With the all-new 2017 Chrysler Pacifica introduced to replace the Chrysler Town & Country, the Dodge Grand Caravan was due to be discontinued after the 2016 model year. However, it was later announced that the Grand Caravan would be sold alongside the Chrysler Pacifica unchanged from the 2016 model, with a simplified model lineup.

At the 2018 North American International Auto Show in Detroit, Michigan, Fiat CEO Sergio Marchionne said there may be a successor to the current Dodge Grand Caravan, which would be based on the Chrysler Pacifica, saying that the Grand Caravan successor would be "a Caravan-like vehicle".

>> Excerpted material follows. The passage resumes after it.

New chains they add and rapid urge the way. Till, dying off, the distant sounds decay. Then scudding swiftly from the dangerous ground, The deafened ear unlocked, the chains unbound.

Marchionne is quoted as saying, "The replacement of the Caravan will be a Caravan-like vehicle. I need another minivan. It's going to be in line with the Pacifica architecture".

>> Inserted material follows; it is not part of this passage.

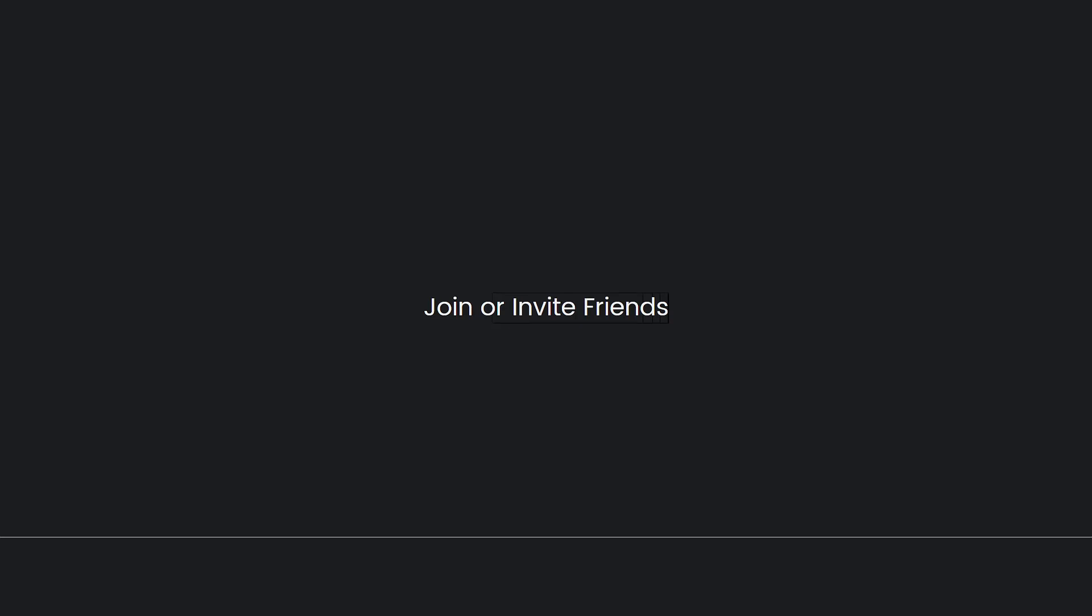Next is to join or invite friends. If private lobbies are not available or you prefer not to use them, you and your friends can join the same public lobby or matchmaking session. You can invite friends from your in-game friends list or connect through social media accounts if you have linked them to the game.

Dodge originally announced that the Grand Caravan will be discontinued in May 2020 but has since pushed it back by three months, with the current end date being August 22. Its replacement will be the Chrysler Voyager, which is an entry-level version of the Chrysler Pacifica minivan, and will offer similar pricing and features to its Grand Caravan predecessor. In Canada, a version similar to the Pacifica will be sold as the Chrysler Grand Caravan. For its final model year, the Grand Caravan will be offered in three trim levels: base SE, midlevel SE Plus, and range-topping SXT. The previous GT trim, a fleet-exclusive model, has been dropped for the 2020 model year. For 2020, the midlevel SE Plus receives standard "Super Stow-'n'-Go" second-row bucket seats and in-floor storage bin, a standard eight-way power front driver's seat, a black interior with "Cranberry Wine" stitching, and an available Blacktop Package. The base SE trim no longer offers aluminum-alloy wheels as an option. A compact spare tire and wheel is now optional equipment on all trim levels.